▶ What you need to do: Give back the line that contains "3-tlg. Garten-Lounge-Set mit" and every following line, exactly as they appear, through the end of the data.

▶ Provided data:
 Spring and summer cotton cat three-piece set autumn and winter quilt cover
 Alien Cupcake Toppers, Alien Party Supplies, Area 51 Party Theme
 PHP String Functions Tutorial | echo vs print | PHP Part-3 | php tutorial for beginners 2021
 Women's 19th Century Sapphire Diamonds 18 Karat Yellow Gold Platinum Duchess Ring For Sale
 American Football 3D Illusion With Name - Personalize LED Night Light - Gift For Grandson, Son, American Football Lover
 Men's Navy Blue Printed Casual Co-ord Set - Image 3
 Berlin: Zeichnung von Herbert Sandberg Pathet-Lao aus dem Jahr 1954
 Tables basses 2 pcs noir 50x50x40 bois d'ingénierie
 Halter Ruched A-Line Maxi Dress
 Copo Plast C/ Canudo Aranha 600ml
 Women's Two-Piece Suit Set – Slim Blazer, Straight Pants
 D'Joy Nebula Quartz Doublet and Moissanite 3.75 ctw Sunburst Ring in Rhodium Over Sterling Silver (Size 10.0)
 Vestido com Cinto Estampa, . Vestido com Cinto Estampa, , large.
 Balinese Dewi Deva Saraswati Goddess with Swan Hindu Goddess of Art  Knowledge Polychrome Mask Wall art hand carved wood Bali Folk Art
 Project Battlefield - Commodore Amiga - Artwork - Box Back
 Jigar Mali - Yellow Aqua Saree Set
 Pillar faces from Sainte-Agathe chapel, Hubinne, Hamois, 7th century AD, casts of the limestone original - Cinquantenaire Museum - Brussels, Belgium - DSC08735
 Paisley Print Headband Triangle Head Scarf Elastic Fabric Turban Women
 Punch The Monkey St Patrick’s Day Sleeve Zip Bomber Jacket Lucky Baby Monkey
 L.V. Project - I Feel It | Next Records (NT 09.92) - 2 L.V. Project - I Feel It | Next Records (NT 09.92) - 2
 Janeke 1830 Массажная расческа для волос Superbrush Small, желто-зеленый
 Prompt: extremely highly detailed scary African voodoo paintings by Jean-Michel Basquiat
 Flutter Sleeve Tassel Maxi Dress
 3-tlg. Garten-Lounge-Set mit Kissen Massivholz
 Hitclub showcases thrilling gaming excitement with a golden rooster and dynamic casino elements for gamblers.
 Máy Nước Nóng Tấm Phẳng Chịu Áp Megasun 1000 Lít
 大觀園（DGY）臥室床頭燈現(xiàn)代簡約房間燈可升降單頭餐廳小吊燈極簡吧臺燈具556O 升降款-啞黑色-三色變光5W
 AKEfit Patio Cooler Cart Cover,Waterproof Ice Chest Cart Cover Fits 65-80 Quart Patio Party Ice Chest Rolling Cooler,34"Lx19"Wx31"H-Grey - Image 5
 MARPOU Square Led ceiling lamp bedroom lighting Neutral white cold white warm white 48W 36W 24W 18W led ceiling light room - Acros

▶ Answer space:
 3-tlg. Garten-Lounge-Set mit Kissen Massivholz
 Hitclub showcases thrilling gaming excitement with a golden rooster and dynamic casino elements for gamblers.
 Máy Nước Nóng Tấm Phẳng Chịu Áp Megasun 1000 Lít
 大觀園（DGY）臥室床頭燈現(xiàn)代簡約房間燈可升降單頭餐廳小吊燈極簡吧臺燈具556O 升降款-啞黑色-三色變光5W
 AKEfit Patio Cooler Cart Cover,Waterproof Ice Chest Cart Cover Fits 65-80 Quart Patio Party Ice Chest Rolling Cooler,34"Lx19"Wx31"H-Grey - Image 5
 MARPOU Square Led ceiling lamp bedroom lighting Neutral white cold white warm white 48W 36W 24W 18W led ceiling light room - Acros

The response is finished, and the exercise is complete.